Caption-style text data
========

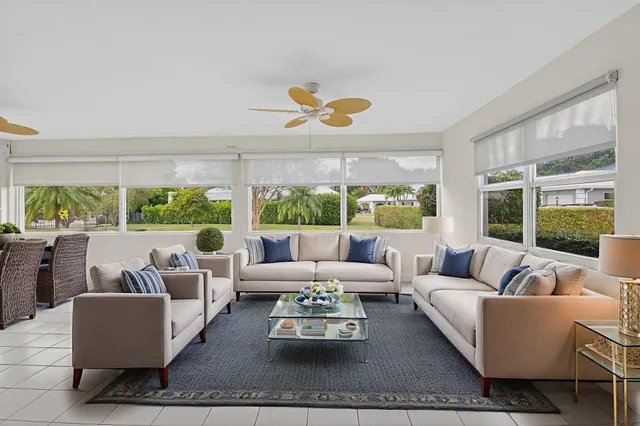 a view of a dining room with furniture and window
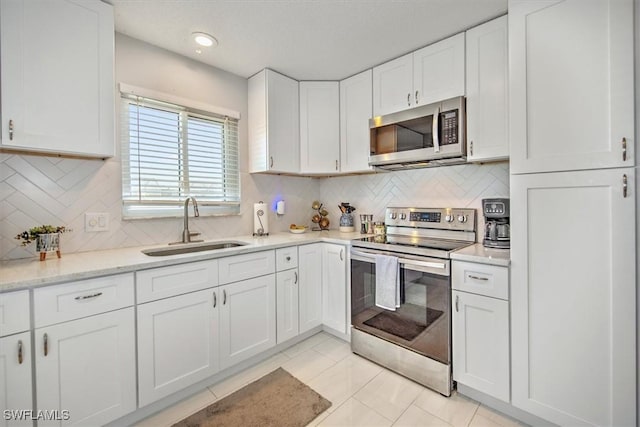 kitchen featuring sink, appliances with stainless steel finishes, tasteful backsplash, light stone countertops, and white cabinets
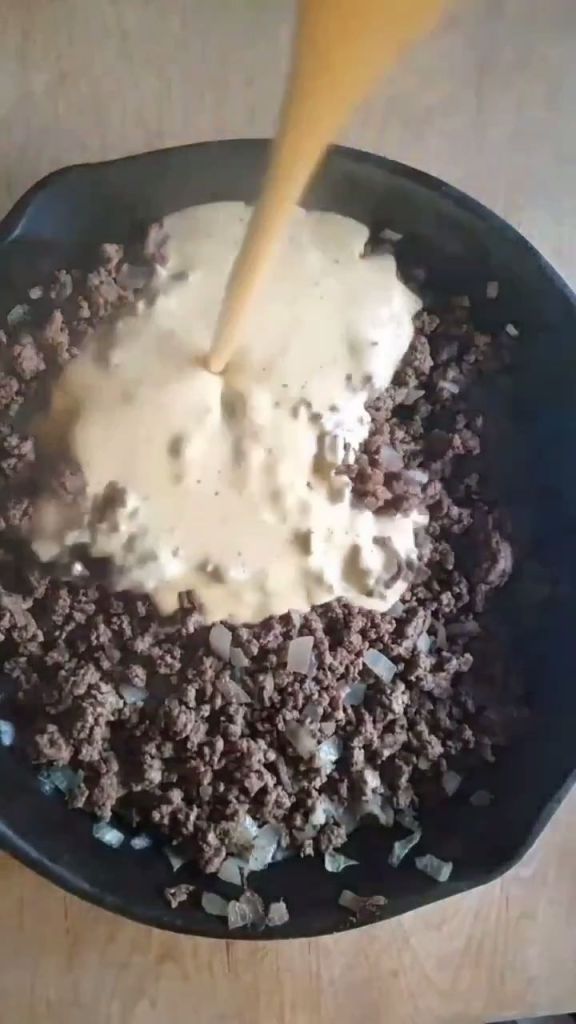 Pouring homemade cream soup into the ground beef.
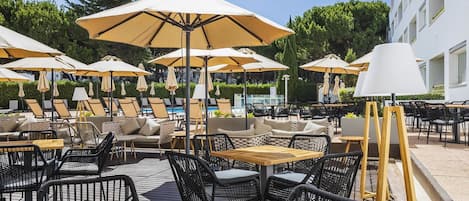 An outdoor seating area with tables and chairs, umbrellas, and a pool in the background.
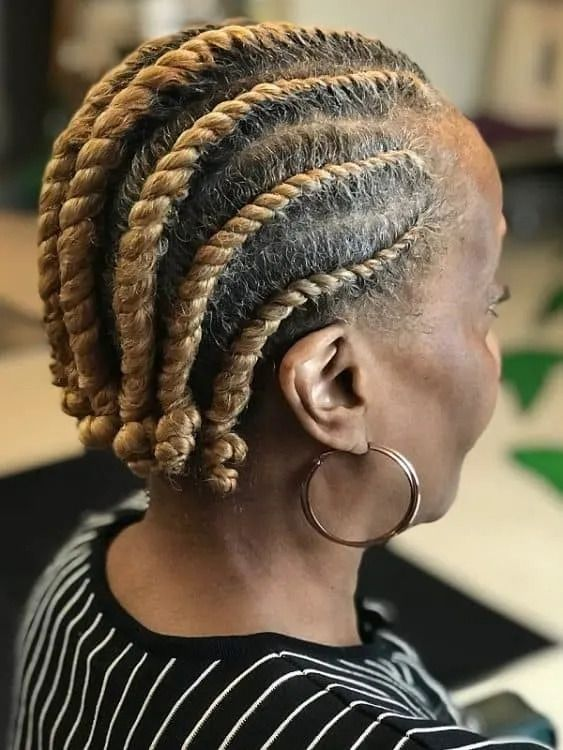 Back view  of a lady  wearing the Flat twist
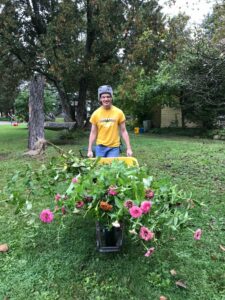 High Spirit Community Farm man with wheelbarrow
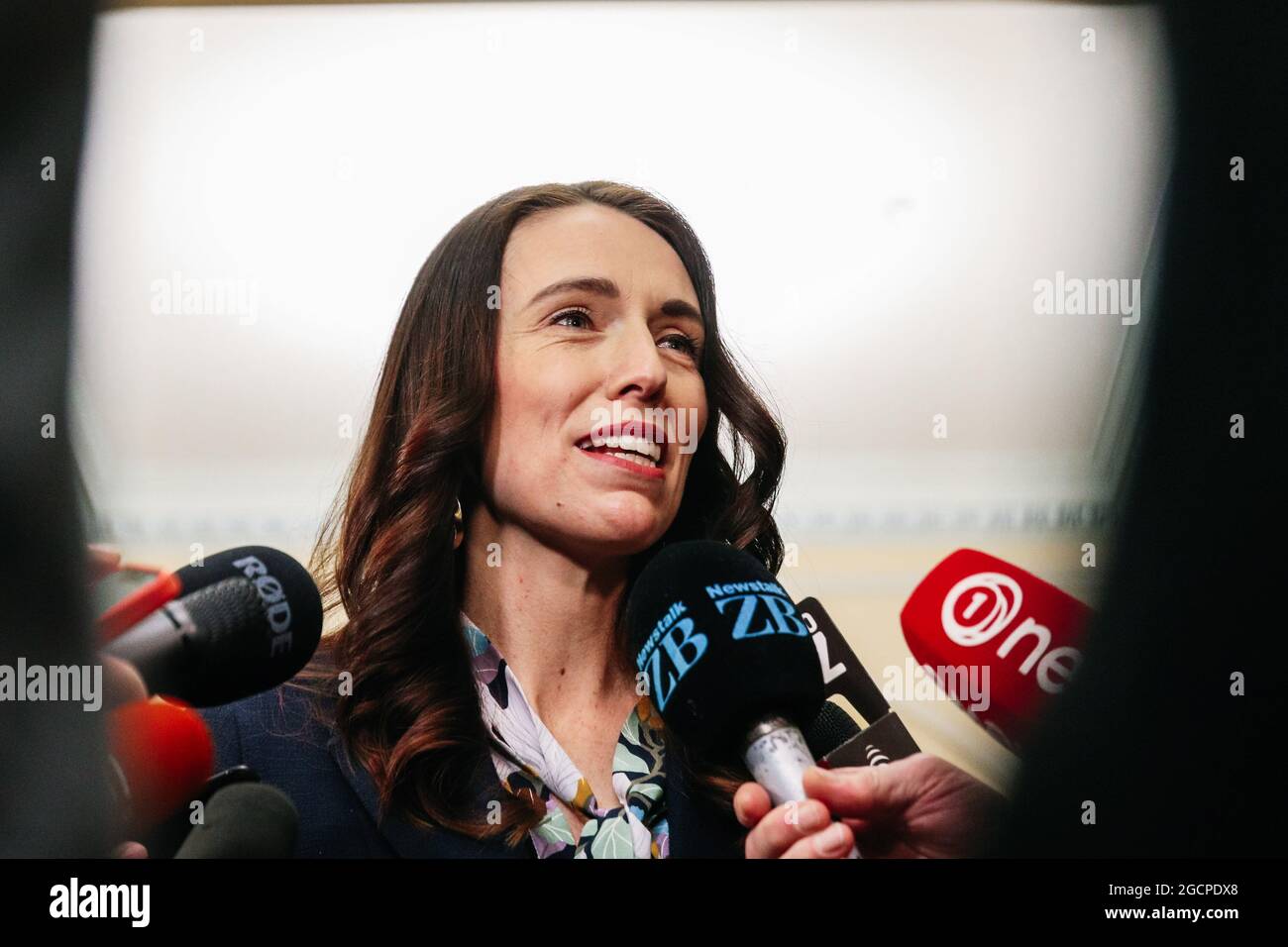 Wellington, New Zealand, 10 August 2021. New Zealand Prime Minister Jacinda Ardern smiles as she talks to press gallery reporters about overnight power outages triggered by high electricity demand during a winter cold snap.  Credit: Lynn Grieveson/Alamy Live News Stock Photo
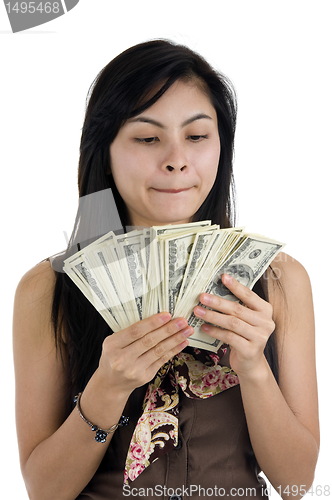 Image of pretty woman with lots of money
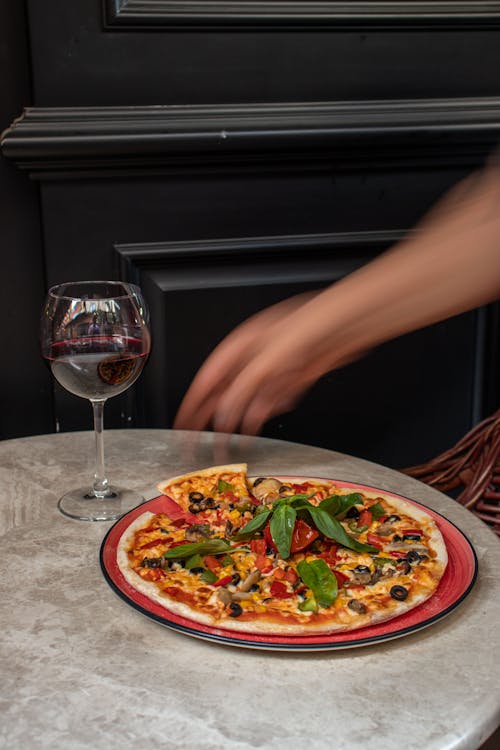 Pizza on a Ceramic Plate Near a Glass of Wine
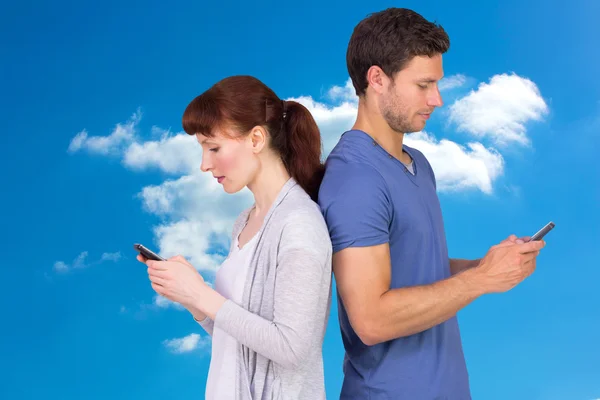 Couple both sending text messages — Stock Photo, Image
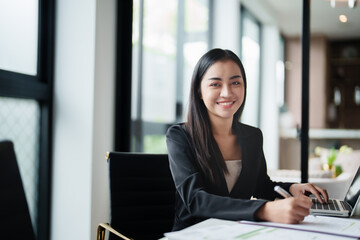 Fototapeta premium Portrait of asian woman working on desk at contemporary corporation office.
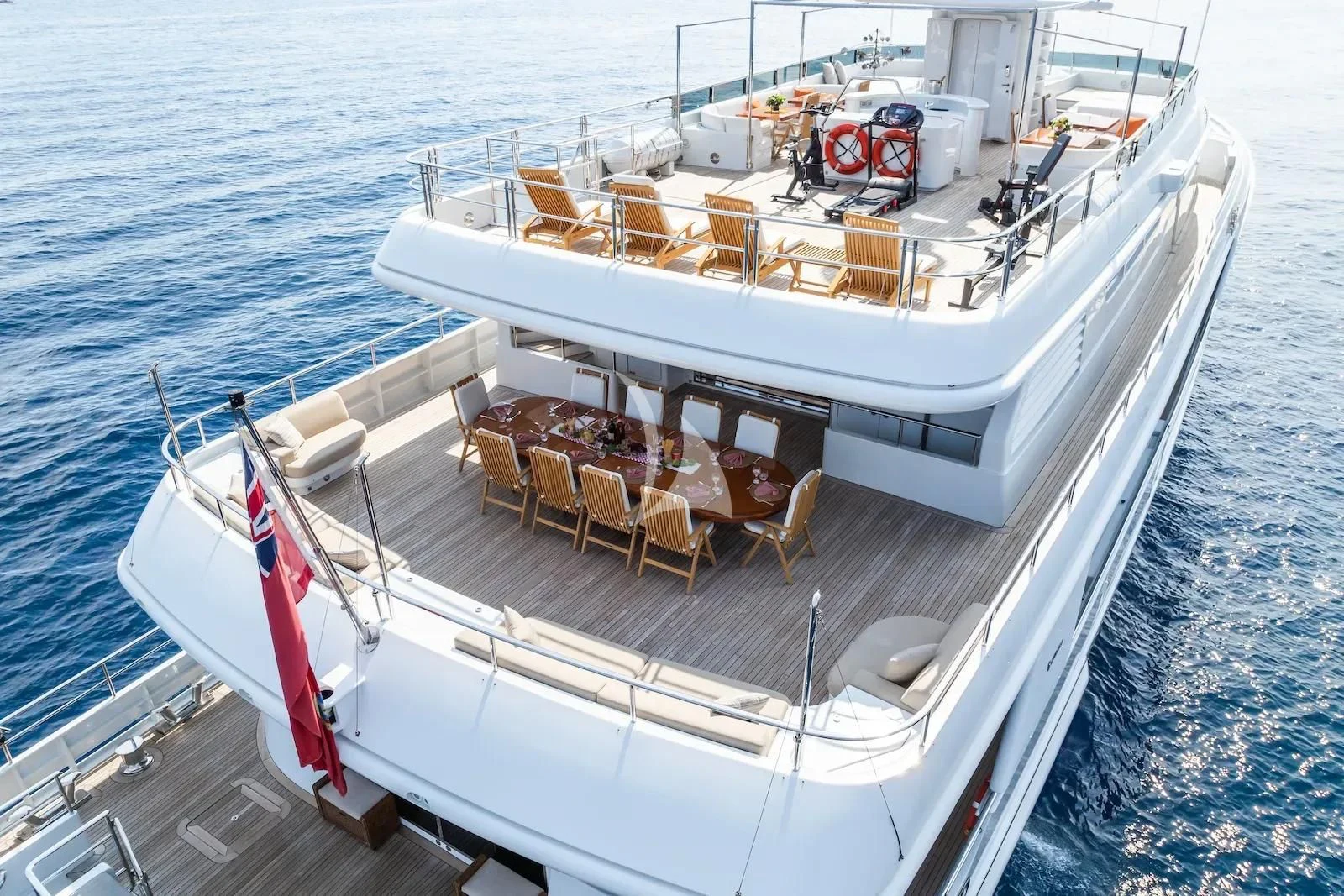 a boat with chairs on the deck aboard TE MANU Yacht for Charter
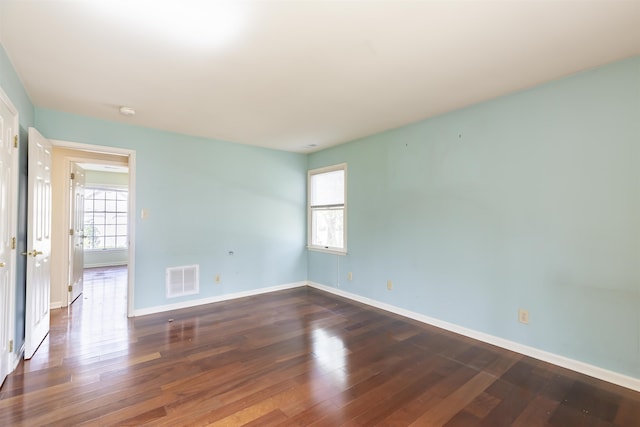 unfurnished room with baseboards, hardwood / wood-style flooring, and visible vents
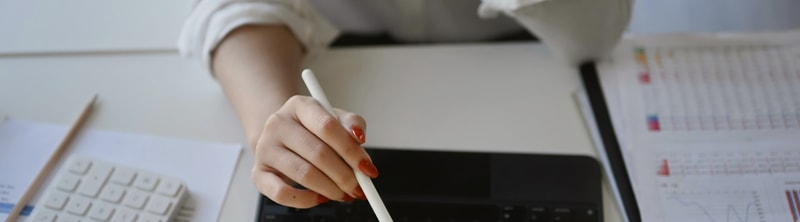 A close-up of a hand with orange nail polish gripping a white stylus over a keyboard, with papers and a chart in the background.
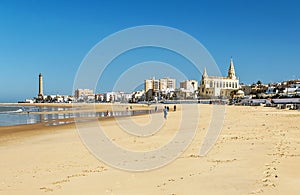 People walking on the beach in Cadiz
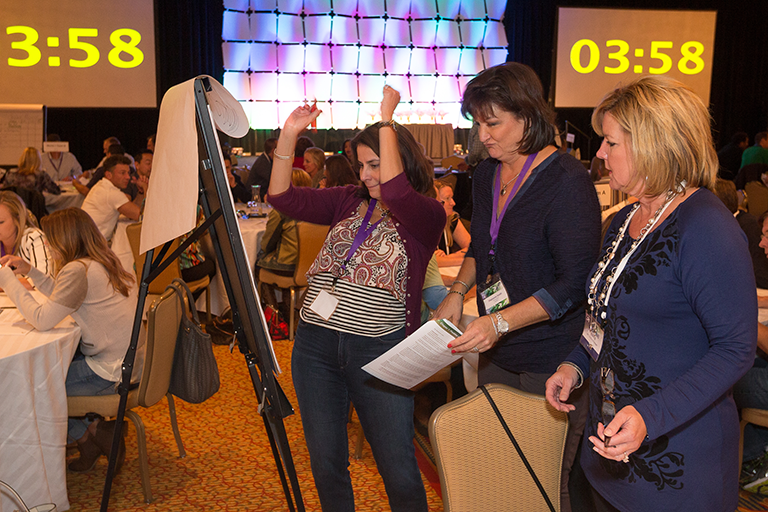 Three women standing in a conference room with a large screen in the background. The screen displays the time as 3:58. The woman in the center is holding a piece of paper and appears to be explaining something to the two women on either side of her. The other two women are looking at the screen and appear to be listening attentively. The room is filled with people sitting at tables and chairs and there is a large window with colorful lights on the wall behind them. The floor is covered with a patterned carpet.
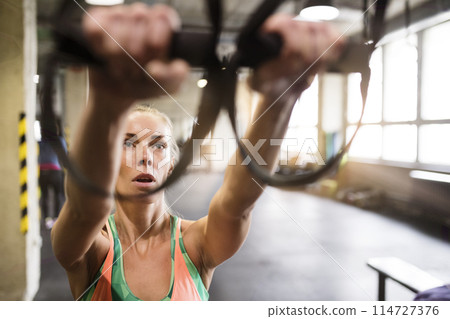 Beautiful sport woman doing suspension training, total resistance exercise. Routine workout for woman's physical and mental health. 114727376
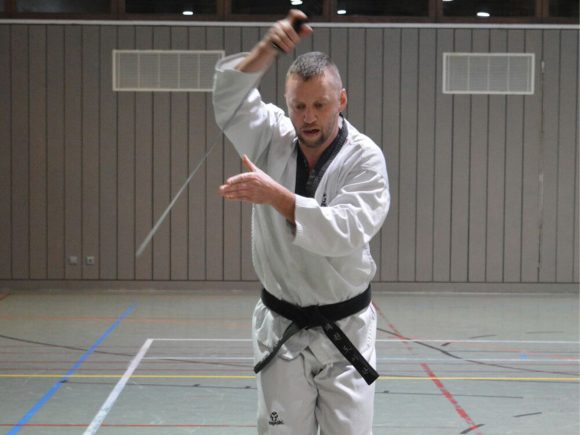 Ein Taekwondo-Praktizierender mit schwarzem Gürtel führt eine Technik in einem Trainingsraum aus.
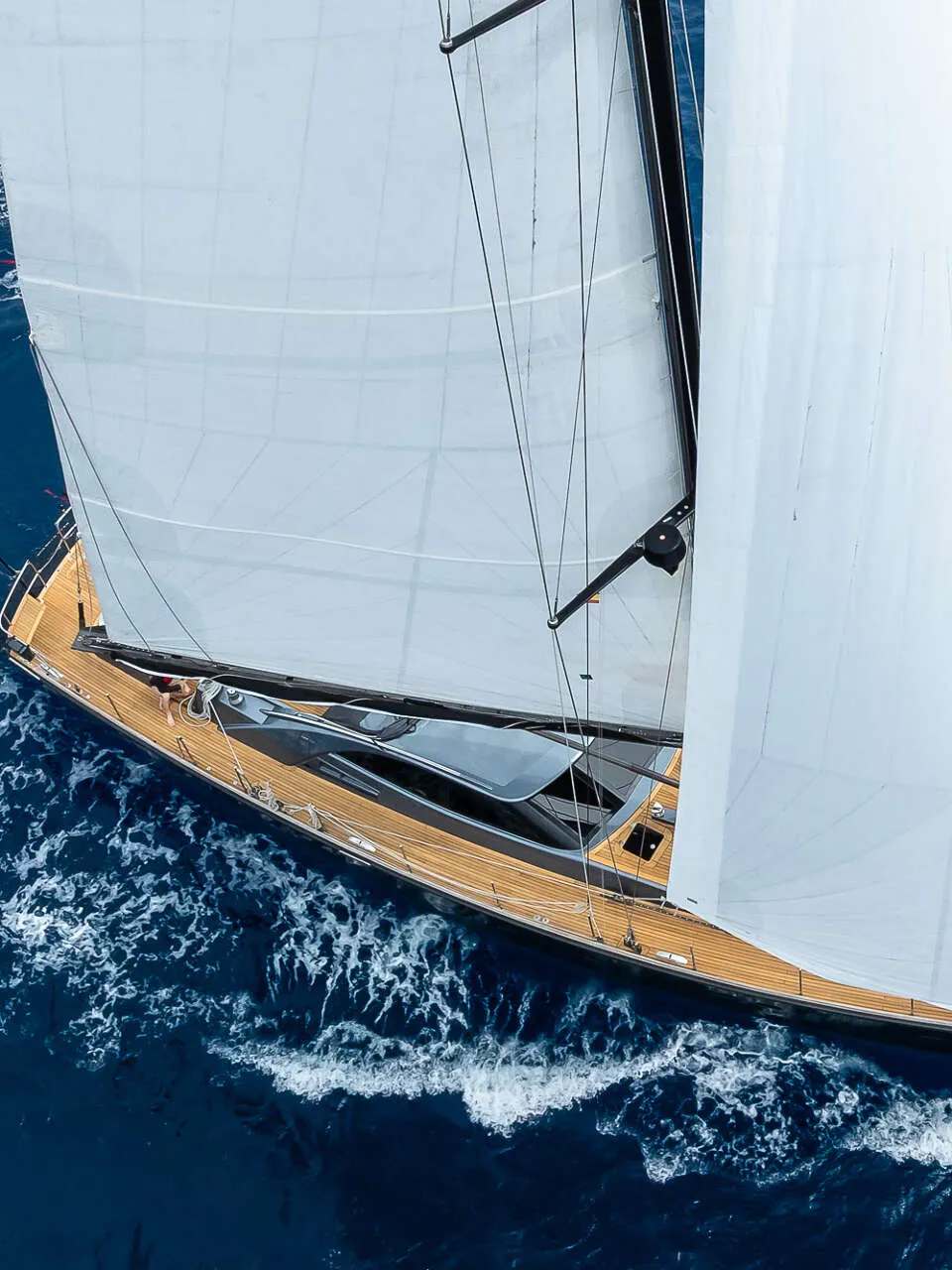 Een zeilboot met twee witte zeilen en een houten dek vaart op blauw water, met een vlag aan de achtersteven.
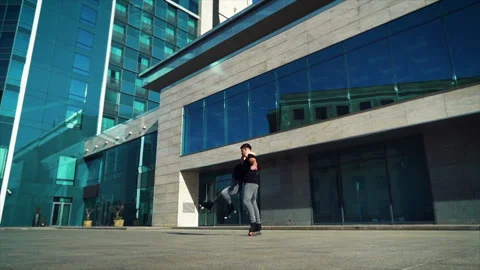 Roller skaters performing stunts in city Stock Footage 140971621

========

__Brief__:
Return the lines from the one containing "Een zeilboot met" through the last line of the records, both included, exactly as written and with no pictures.

__Answer section__:
 Een zeilboot met twee witte zeilen en een houten dek vaart op blauw water, met een vlag aan de achtersteven.
 Roller skaters performing stunts in city Stock Footage 140971621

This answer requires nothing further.